Exercise prompt: Take the records below and set down exactly the lines from the one with "109, HEADLANDS, FENSTANTON, HUNTINGDON, PE28" to the one with "Light Green Color", ends included; do not copy the pictures.

### Provided records ###

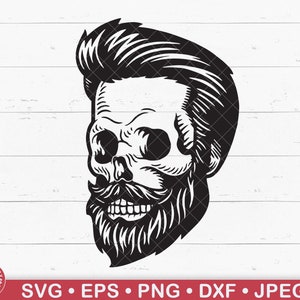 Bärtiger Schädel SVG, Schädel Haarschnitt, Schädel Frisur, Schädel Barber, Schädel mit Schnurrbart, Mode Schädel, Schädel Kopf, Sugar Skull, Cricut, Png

###
### Provided records ###

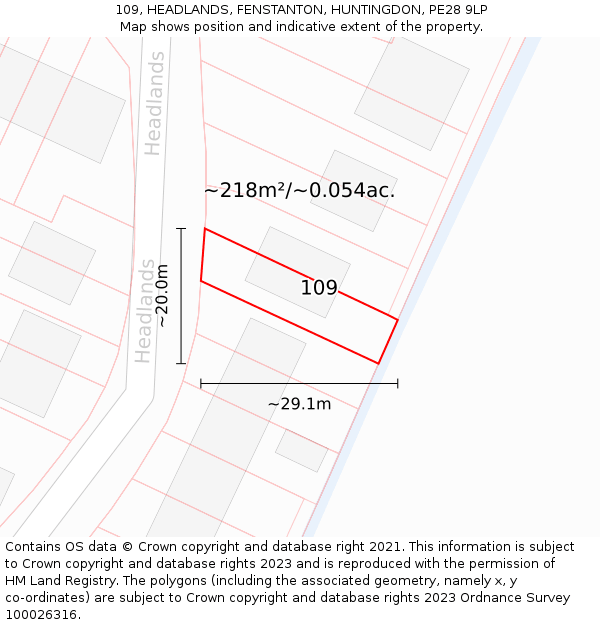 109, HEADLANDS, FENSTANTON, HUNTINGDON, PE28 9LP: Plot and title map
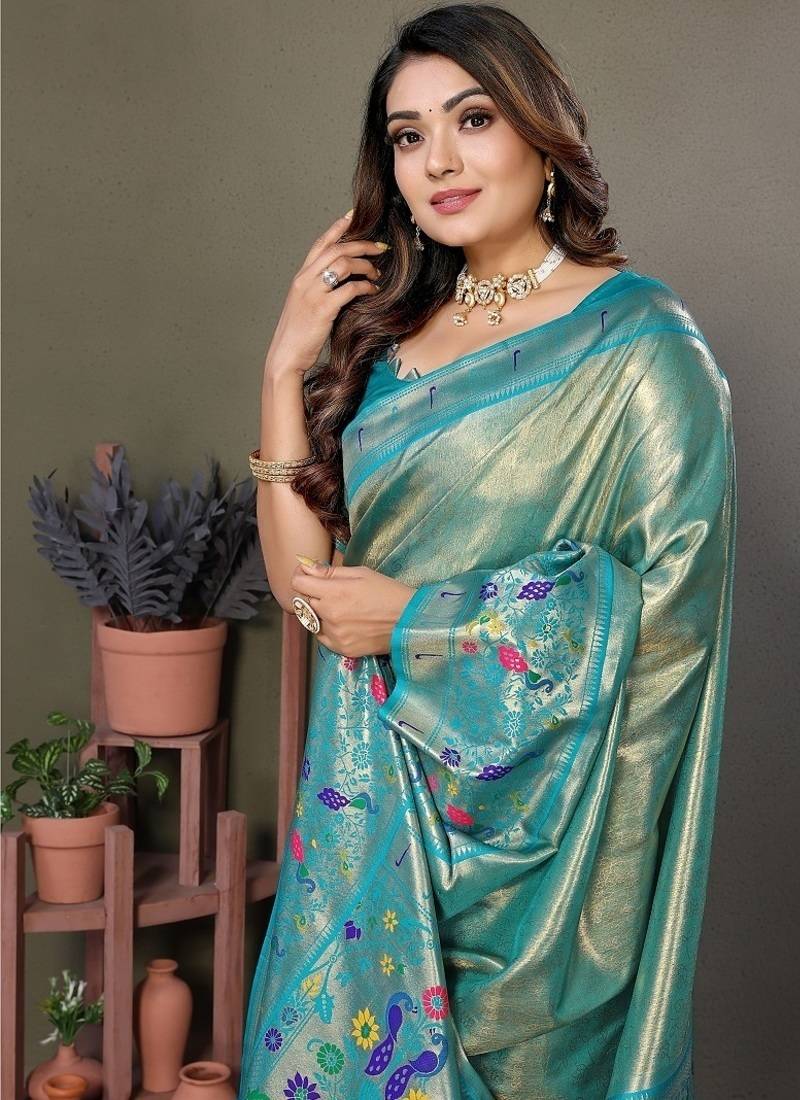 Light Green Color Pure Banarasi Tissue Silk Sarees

###

The completed task:
 109, HEADLANDS, FENSTANTON, HUNTINGDON, PE28 9LP: Plot and title map
 Light Green Color Pure Banarasi Tissue Silk Sarees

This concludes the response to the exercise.